The idea was I’d get rich on my talent. And become so renowned in the world of subscription marketing I’d soon be turning down less-than-plum assignments among the flood of work flowing my way — just as soon as publishers and circ directors discovered it “cost nothing” to hire me.

Much to my surprise, few magazines — Inc., The Atlantic — took me up on it. Instead, clients overwhelmingly preferred to pay per project regardless of results. Inquiring why, I learned the big concern wasn’t that my work might fail. The worry was it might win. And there is nothing quite so vexing as unpredictable spending. It’s hard to plan and budget for. Near impossible to get approved.

Worse, paying a royalty to an outside vendor brings him inside the publishing house. Creating a sudden business partner with whom one must share results. A money-hungry camel nose under the tent wanting to look at the books and perhaps glimpsing corporate secrets in the bargain.

To these clients, I wasn’t so much offering a work for hire, but a lien on their business. The kind of commitment a mid-level manager could not make. And the kind of albatross even a cash-starved owner cum publisher was loathe to feed.

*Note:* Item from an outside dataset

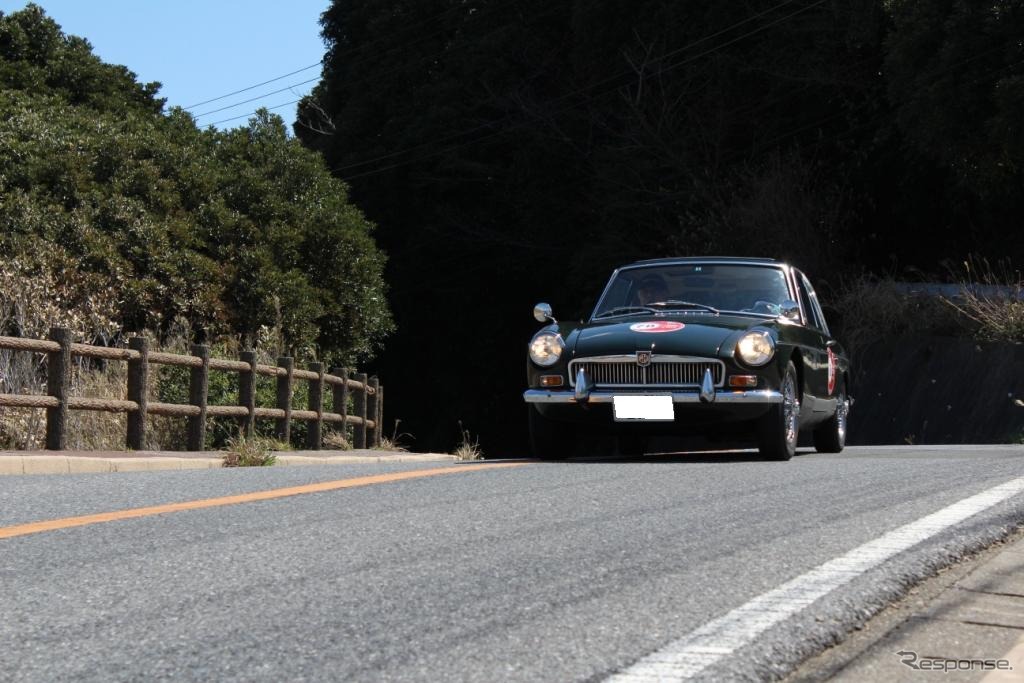 MGBのクーペボディであるMGB GTも房総半島を駆ける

Well that was then. Before the Internet. Before eBay, Google, Adwords. Before results-driven, upside-only, pay-as-you-go direct marketing made it possible to test infinitely, learn instantly, and measure accurately what really works. In exacting ways that keep score so tellingly, they reveal anew who’s worth how much and why.

It’s a beautiful thing. Giving me a way to create e-mail and direct mail, banners and space ads, landing pages and bangtails for “free” when my competition won’t. In turn, giving my clients a fail-safe way to build circulation, test subscription ideas — even launch whole new magazines — on a zero-based budget.

But don’t be misled. “Free” doesn’t come cheap. My royalties reward me handsomely. And understand, too, if I am to be paid for performance, I am necessarily careful with whom I partner.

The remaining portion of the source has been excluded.